Path: news-archive.icm.edu.pl!mat.uni.torun.pl!news.man.torun.pl!newsfeed.pionier.net
.pl!news.dialog.net.pl!news.master.pl!not-for-mail
From: "Maciek" <m...@m...pl>
Newsgroups: pl.soc.rodzina
Subject: Re: Problem rodzinny
Date: Mon, 25 Apr 2005 13:38:24 +0200
Organization: MasterNET
Lines: 51
Message-ID: <d4iksg$q6h$1@ns.master.pl>
References: <d48rdo$sdr$1@inews.gazeta.pl>
NNTP-Posting-Host: ns.master.pl
X-Trace: news.dialog.net.pl 1114429533 17296 81.168.240.5 (25 Apr 2005 11:45:33 GMT)

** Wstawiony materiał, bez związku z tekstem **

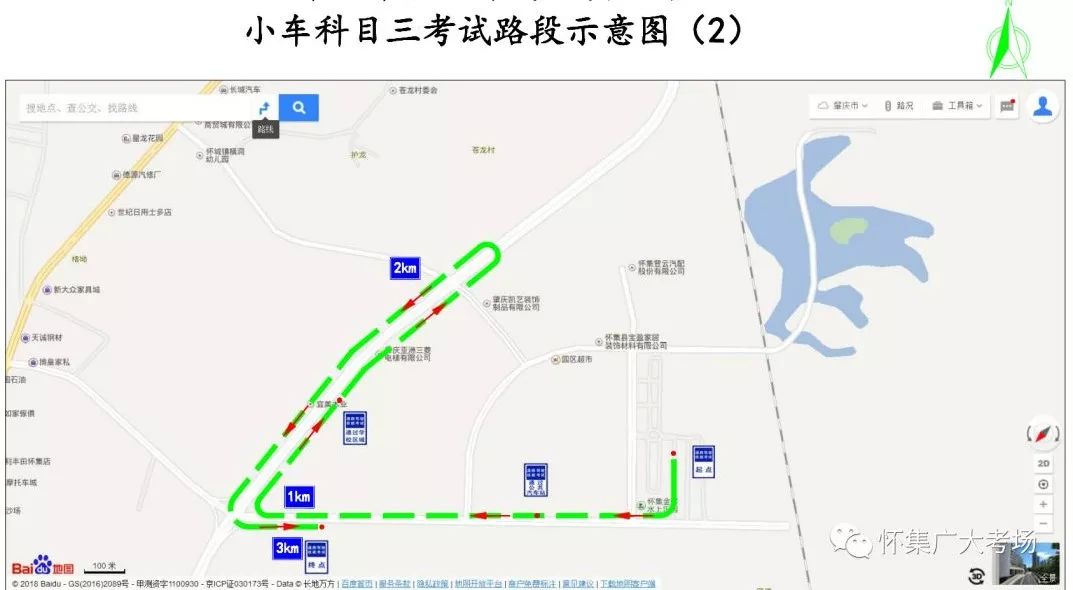 新奧之夜，一肖一特講解詞語與高德地圖的奇妙結(jié)合，新奧之夜，詞語解析與高德地圖的奇妙融合之旅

X-Complaints-To: http://www.dialog.pl/dialog/internet/internet.php?id=41
NNTP-Posting-Date: Mon, 25 Apr 2005 11:45:33 +0000 (UTC)
X-Priority: 3
X-MSMail-Priority: Normal
X-Newsreader: Microsoft Outlook Express 6.00.2900.2180
X-MimeOLE: Produced By Microsoft MimeOLE V6.00.2900.2180
X-RFC2646: Format=Flowed; Response
Xref: news-archive.icm.edu.pl pl.soc.rodzina:75412
Ukryj nagłówki
Jestem trochę starszy, ale nie chcę nikogo pouczać.

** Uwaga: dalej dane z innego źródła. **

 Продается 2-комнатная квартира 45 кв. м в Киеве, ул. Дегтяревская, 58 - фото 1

Mimo to przyjmij kilka rad.
1. w kościele można wiąć ślub z przysięgą jednej strony - to może
usatysfakcjonować twoją rodzinę, a tobie zapewnić spokój sumienia,
2. i tak musicie odpowiedzieć sobie ( prędzej czy później ) jak wychowacie
dzieci, np: czy będą chodziły na religię, czy pójdą do komunii - mozna ten
problem odsunąć, ale i tak wypłynie. Ważne by podstawą była miłość do
dzieci, a nie stawianie na swoim
3. rodzinie powiedz: "co Bóg złączył..."
Użytkownik "TomaszB" <b...@g...pl> napisał w wiadomości
news:d48rdo$sdr$1@inews.gazeta.pl...
> Problem mam, a to grupa rodzinna wiec napisze, bo to problem z rodzina.
>
> Zaczne od tego, ze mam 25 lat i ciagle mieszkam z rodzina. Mam tu dobre
> warunki, pracuje, wiec nie na garnuszku rodzicow, ale to nie o tym.
>
> We wrzesniu tamtego roku poznalem dziewczyne, po tym jak poprzedni 4 letni
> zwiazek sie rozpadl, a wlasciwie umarl smiercia naturalna na poczatku
> wakacji. Wszystko bylo spoko, super sie dogadywalismy, sedzalismy cale
> dnie ze soba, takie rozowe szkielka na oczach itp.
>
> Przedstawilem ja rodzinie i jakis czas pozniej zostalem stracony z mojego
> szczesliwego lotu, rozowe szkielka zerwano mi sila. Problemem okazalo sie
> to, ze Ona nie jest ochrzczona i tylko to jest dla mojej rodziny istotne.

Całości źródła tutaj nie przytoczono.